Q: We have a situation where we were given a subcontractor from the owner of the project, who has apparently used this sub on several projects for installing interior fencing. In the case of the project we are under contract for, this subcontractor is under contract with us. The odd part is they don’t have a California contractor’s license. They told me since they don’t get inspection on the fencing, they don’t have to have the contractor’s license, only a business license. Do you know if that is correct? I thought if you did actual work on a construction project in CA you needed a contractor’s license.
A: Assuming the work is over $500, you are correct. A “C-13” (Fencing) license is required to install fences.
Q: I haven’t worked in California for the last few years but I have a customer requesting that I do some work for them in the LA area so I need to renew my license. When I look it up online it says that in order to renew I will need (among other things) to get my corporation in good standing with the Secretary of State.

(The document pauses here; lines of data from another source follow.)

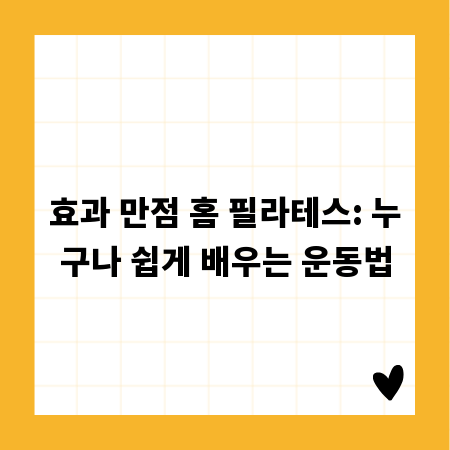 효과 만점 홈 필라테스: 누구나 쉽게 배우는 운동법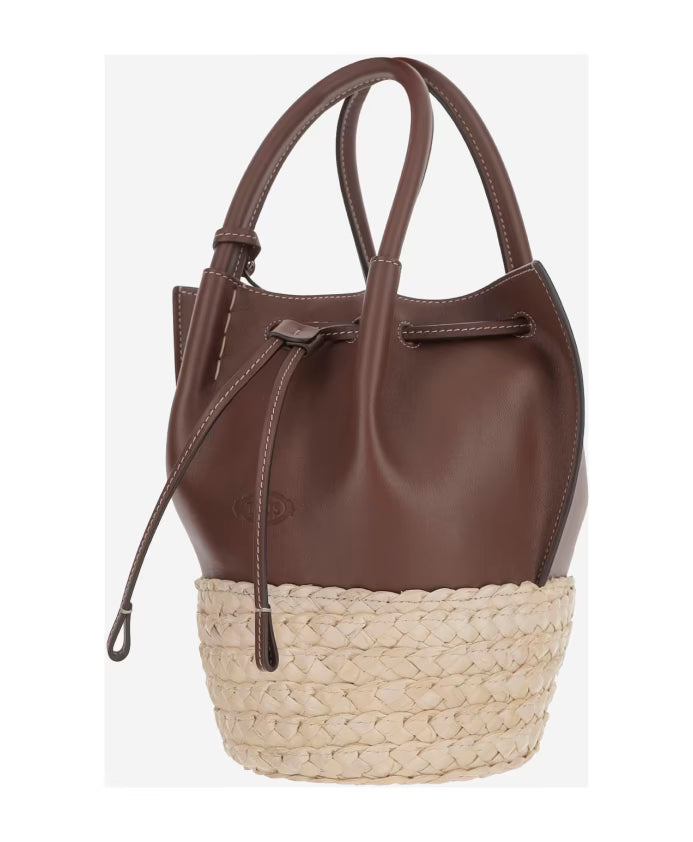 Bucket Bag in Straw and Leather Mini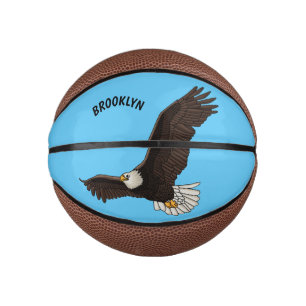 Happy flying bald eagle cartoon illustration mini basketball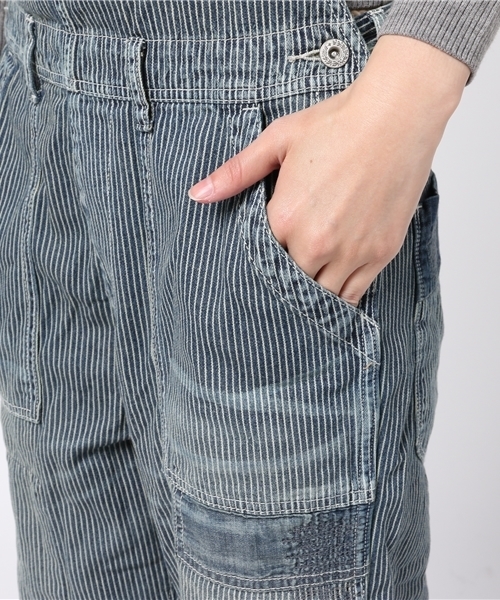 CUBE SUGAR（キューブシュガー）の「デニム/ヒッコリー オーバーオール（デニムパンツ・レディース・ネイビー/ストライプ・M）」の7枚目の写真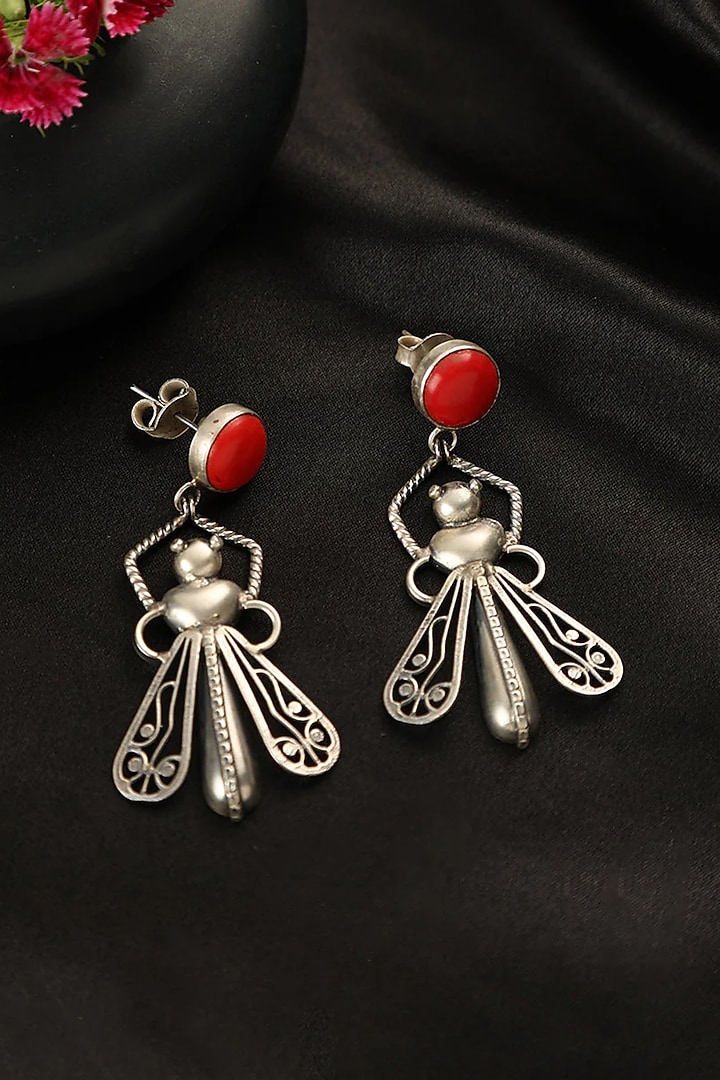 Two Tone Finish Coral Stone Beetle Dangler Earrings In Sterling Silver by Mero at Pernia's Pop Up Shop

What do I need to do and can you help?
A: Yes, when I inquired with the Secretary of State, I found that your corporation is suspended because of a Franchise Tax Board (FTB) issue. Typically this has to do with failure to file and/or pay taxes in a timely manner.
We can help! We would first find out what returns/monies are needed and get the required information submitted to the FTB. Once all returns are filed and payment has been made (if required), you will need to complete a Revivor form, also submitted to the FTB. The FTB will then notify the Secretary of State, which should put your corporation back in good standing.